Testing for convergence/divergence

[Dr Zoidburg]

I've got a couple of problems I'm stuck on. Any help gratefully received!

Test for convergence/divergence:
[tex]\sum_{n=1}^{\infty} \frac {(n+1)}{n^3 ln(n+2)}[/tex]

What test should I do here? Can I rearrange the equation to be:
[tex] \frac{(\frac{1}{n^2} + \frac{1}{n^3})}{ln(n+2)}[/tex]

and then use L'Hopital's Rule?
Or do I need to use the Integral test? If so, what should I put u=?

Next Question:
For what values of k isthe following series absolutely convergent? For what values k>=0 conditionally convergent?
[tex]\sum_{n = 3}^{\infty}\frac{(-1)^n}{n(\ln{n})[\ln{(\ln{n})}]^k}[/tex]

I've spent a looooonnnng time on this! This is what I've got thus far:
make [tex]u= ln(ln(n))[/tex]
[tex]du=\frac{1}{n(ln(n))} dn[/tex]
And then integrate as follows:
[tex]\lim_{b = 3 \to \infty} \int_{3}^{b} \frac{1}{u^k} du[/tex]
which gives us:
[tex]\frac{u^{(1-k)}}{1-k}|_{3}^{b}[/tex]
So does this mean it's convergent for k>1 and divergent for k=1?

Last question:
prove:
[tex]\lim_{n \to \infty} \frac {n^p}{a^n} = 0[/tex] where a & p are constants and a>1 & p>0
I've tried using the Ratio test here, but I ended up with 1/a, which obviously is not 0.

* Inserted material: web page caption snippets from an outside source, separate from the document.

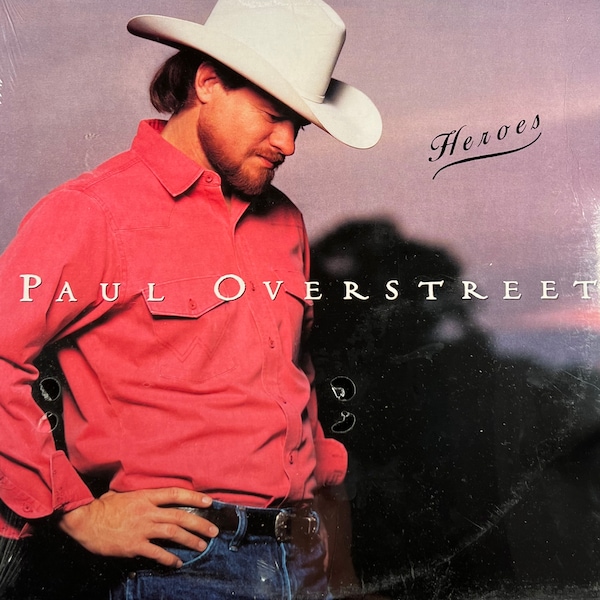 Original '90 PAUL OVERSTREET Heroes Record Album 90s Country Music Vintage Vinyl Still SEALED ! Classic L@@K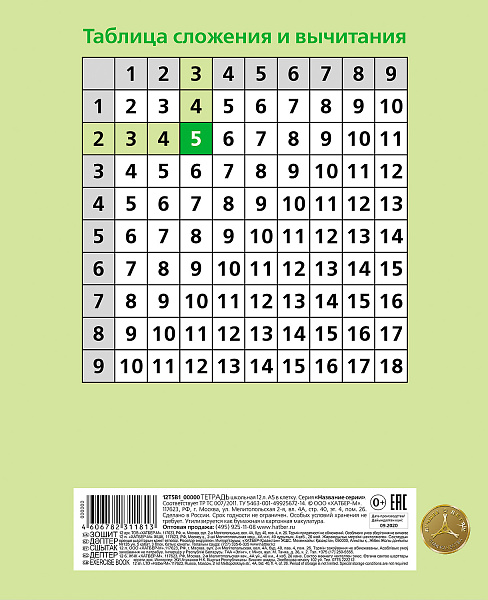 Тетрадь 12 листов в крупную клетку "Пастель" - Салатовая 60-65г/кв.м на скобе Обл. мел.картон скругл.углы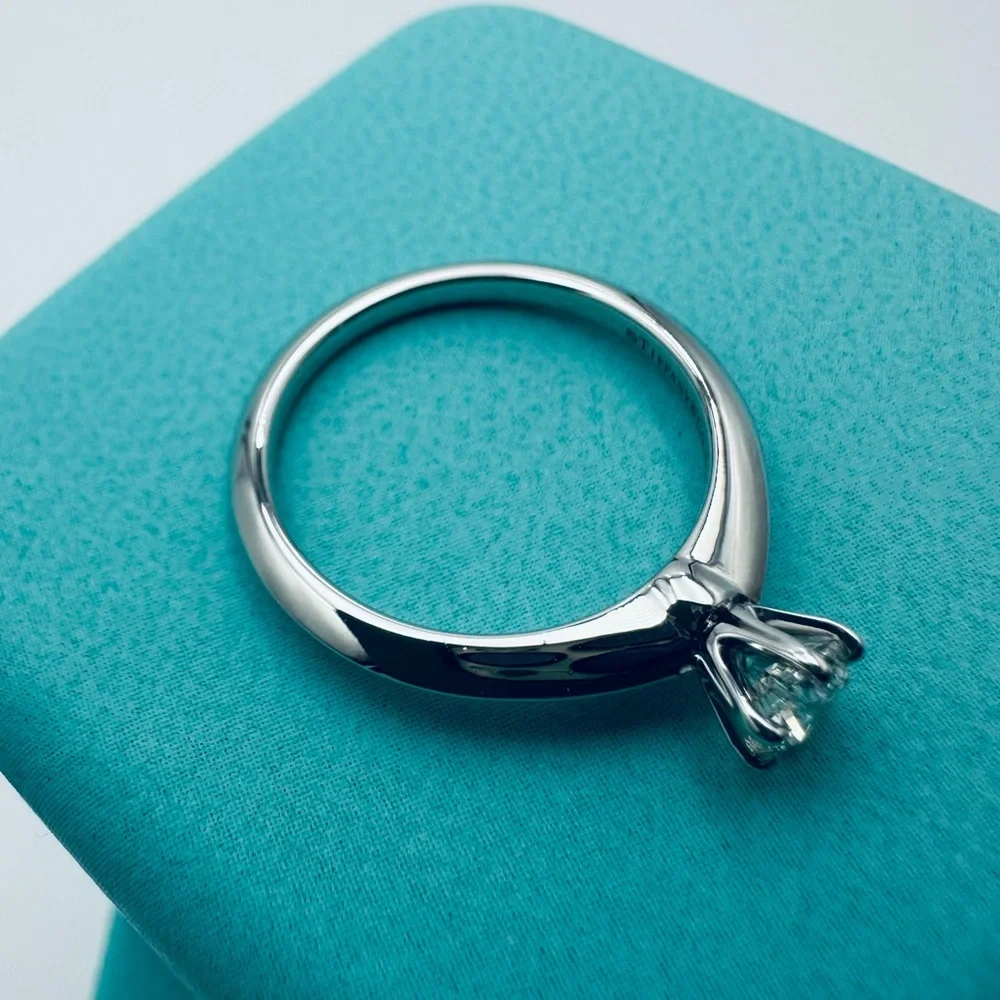 Tiffany & Co. .34 TCW Diamond Engagement Ring in Platinum Size 5.75 w Packaging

Thanks for any and all help/advice!

 

[Brilliant]

Hey, I'm just learning this stuff too but I'll tell you what I think.

So to determine when this converges or diverges.
[tex]
\sum_{n=1}^{\infty} \frac {(n+1)}{n^3 ln(n+2)}
[/tex]
I actually think of ratio test on this one.
So
[tex]
\lim_{n \to \infty} \frac {(n+2)}{(n+1)^3 ln(n+3)} * \frac {n^3 ln(n+2)}{(n+1)}
[/tex]
will simplify to
[tex]
\lim_{n \to \infty} \frac {(n^4+2n^3)ln(n+2)}{(n^4...)ln(n+3)}
[/tex]
It seemed to me that the ln()'s weren't going to affect the limit and the greatest powers on top and bottom are both 4 with coefficients of 1, so the limit to infinity would just be 1. The ratio test says to converge the absolute value of this limit must be less than 1. I conclude that it does not converge. The only thing that could be wrong is how I ignored the ln(). But I mean they are both essentially ln(n) on top and bottom.

On your last question
[tex]
\lim_{n \to \infty} \frac {n^p}{a^n} = 0
[/tex]
I would just think of it with L'Hopital's Rule

As you take more and more derivatives n^p will go to zero, because p is constant and it will be reduced with each dirv. And a^n will just be ln(a)a^n. Or maybe that's log(a) Anyway, the bottom will be large and the top will be 0.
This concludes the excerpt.